EXERCISE PROMPT
Repeat only the lines below from the one that contains "Baixa Premium@ Charming" through the final line, exactly. Omit pictures.

DATASET EXCERPT
***

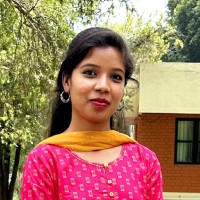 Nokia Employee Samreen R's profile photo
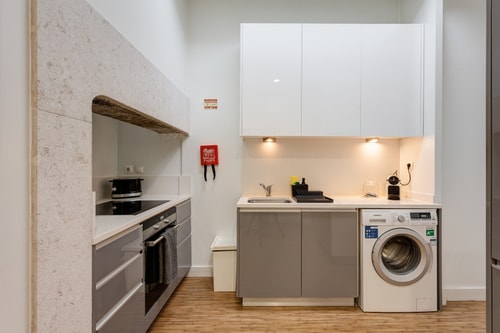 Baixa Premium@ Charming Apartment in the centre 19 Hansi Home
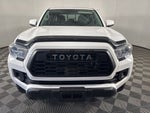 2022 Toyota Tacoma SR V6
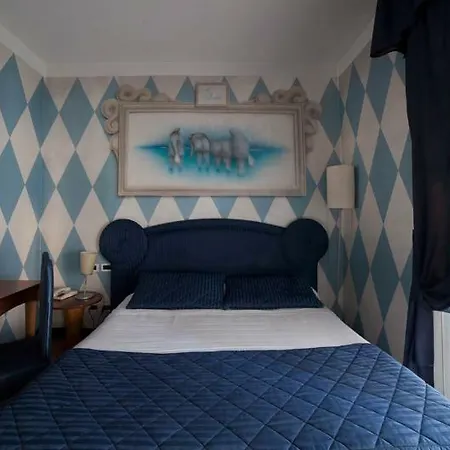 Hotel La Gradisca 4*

***

TASK RESPONSE
 Baixa Premium@ Charming Apartment in the centre 19 Hansi Home
 2022 Toyota Tacoma SR V6
 Hotel La Gradisca 4*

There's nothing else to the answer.